# A Baby Brother For Lola



## LolasMom33 (Aug 28, 2009)

Lola is 1 and 1/2 years old and has been asking for a baby brother. We think that now would be a good time to get her one, but we are not sure how to go about it. We are looking into Yorkshire Terriers but every breeder we have looked up seems to be shady. Does anyone have any advise on how to go about finding a reputable breeder who will allow us to meet with them and the puppy parents and allow us to make an informed decision? We are located in the Chicago suburbs. Any advice about breeders or other breeds that would be good with a Maltese would be very welcomed. I have allergies so I am looking for a less allergenic breed and would need to be able to meet with the puppy first to make sure I am able to tolerate him/her. Thanks in advance for your suggestions. This is an exciting time, but already it is a bit discouraging finding nothing but puppymills and backyard breeders!


----------



## Snowbody (Jan 3, 2009)

So why not another Maltese?


----------



## Ladysmom (Oct 19, 2004)

Good for you for being careful! Yorkies have become a favorite of greeders due to their popularity. Their health has really suffered as a result. Over one third of today's Yorkies are born with liver shunts.

Health Survey 2007

The Yorkshire Terrier Club of America has a breeder contact list. I would start there. There are a number of breeders in Illinois on the list.

Yorkshire Terrier Club of America

If you are willing to have a puppy shipped, I have heard wonderful things about Blumoon Yorkies in the Kansas City area.

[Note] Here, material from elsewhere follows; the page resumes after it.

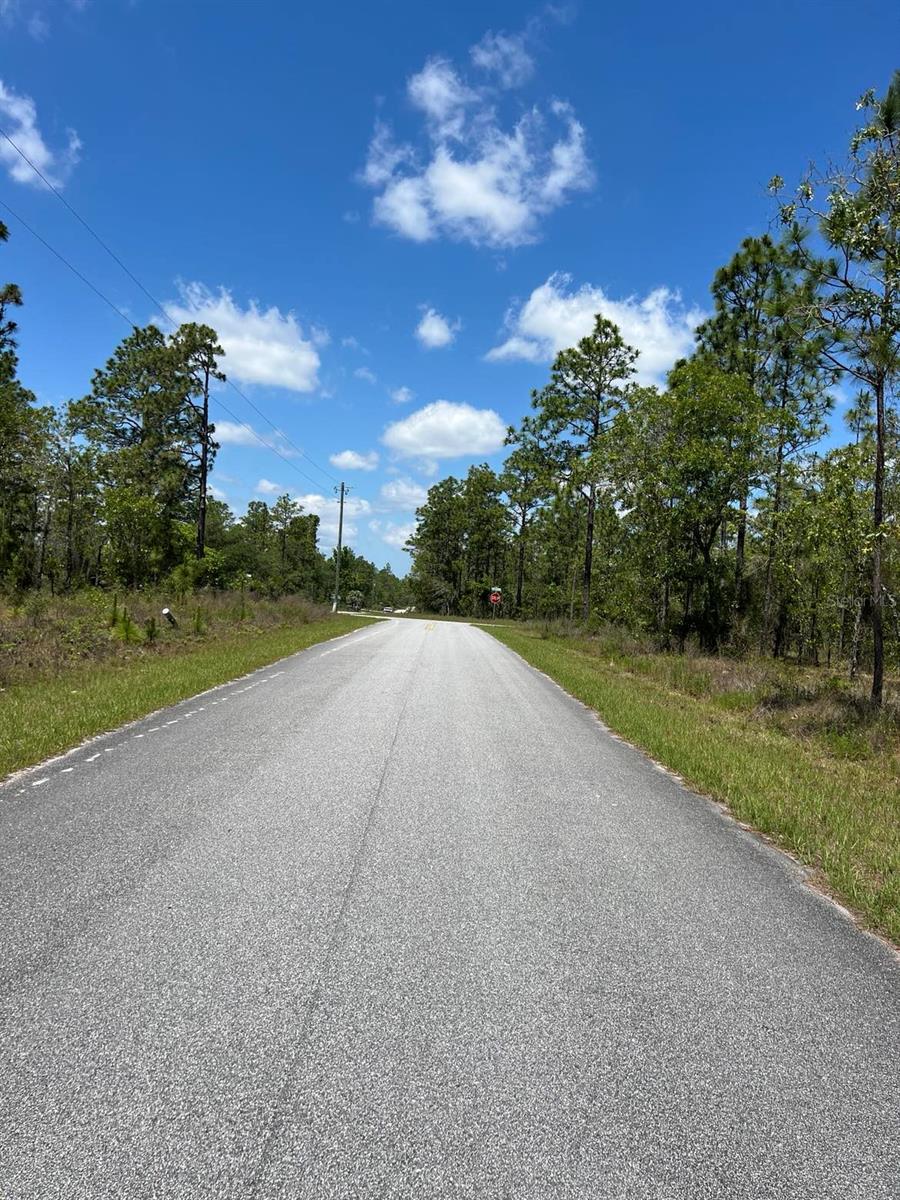 Image 2 of 10 For Amberjack Avenue Lot #33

Yorkies Breeders Blumoon Yorkies AKC Yorkie puppies AKC Yorkshire Terriers Kansas Missouri

Edited to Add: I just noticed you joined Yorkie Talk and asked about breeders there. Be very careful. That place is full of backyard breeders. You will probably gets lots of responses telling you to look in the For Sale section or even PM's offering puppies. One of our SM members got a Yorkie puppy from a breeder who was highly recommended over there and he didn't live more than a few months. No screening of breeders who advertise there is done. Anyone can post puppies for sale as long as they have donated $25. That's it. :thmbdn:


----------



## LolasMom33 (Aug 28, 2009)

Ladysmom said:


> Good for you for being careful! Yorkies have become a favorite of greeders due to their popularity. Their health has really suffered as a result. Over one third of today's Yorkies are born with liver shunts.
> 
> Health Survey 2007
> 
> ...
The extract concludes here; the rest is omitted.